CONVENTIONAL THINKING
Elias Howe (1819–1867) was an ordinary craftsman from Massachusetts, one of America’s well-known states. He died at the young age of just 48. Yet he gave the world something that brought a revolution in clothing production. This was the sewing machine, which he invented in 1845.
The machine Howe first built had a needle with the hole near the base, like ordinary hand needles. For thousands of years, people had been putting the hole at the base of the needle, so when Howe designed his sewing machine, he followed the same practice. But because of this, his machine didn’t work properly. At first, it could only stitch shoes. Sewing cloth was not possible on it.
For a long time, Howe struggled with this problem but couldn’t find a solution. Then he had a dream—and that dream gave him the answer. In it, he saw that men from a wild tribe had captured him and ordered him to make a sewing machine within 24 hours or be killed. He tried, but couldn’t finish the machine in time. When the deadline passed, the tribesmen rushed at him with spears. Looking closely, he noticed that each spear had a hole near its tip. As he was staring at this, he woke up. That was the clue he needed.

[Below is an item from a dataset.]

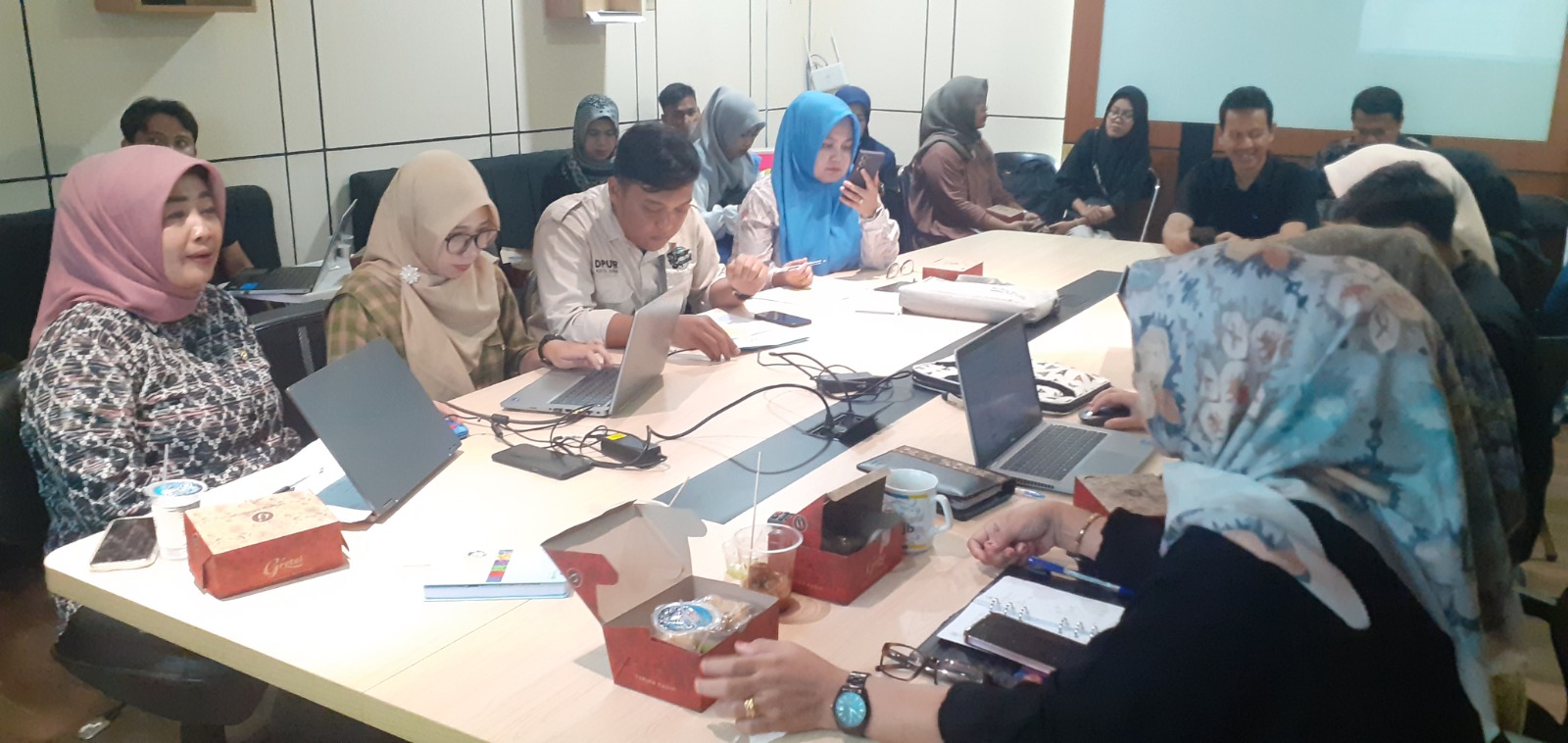 MONITORING DAN EVALUASI TRIWULAN I BIDANG PEREKONOMIAN DAN SDA , jumat (9/5/2025),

He put the hole at the tip of the needle, like the spear, and passed the thread through it. Now the problem was solved. The machine that hadn’t worked with the hole at the top worked perfectly once the hole was moved to the lower side.
Howe’s difficulty was that he couldn’t rise above conventional thinking. He assumed that what people had done for thousands of years must be right. When his subconscious showed him another possibility, he understood at once and solved the problem. When a person throws himself fully into a task, he can discover its hidden secrets in the same way Howe did.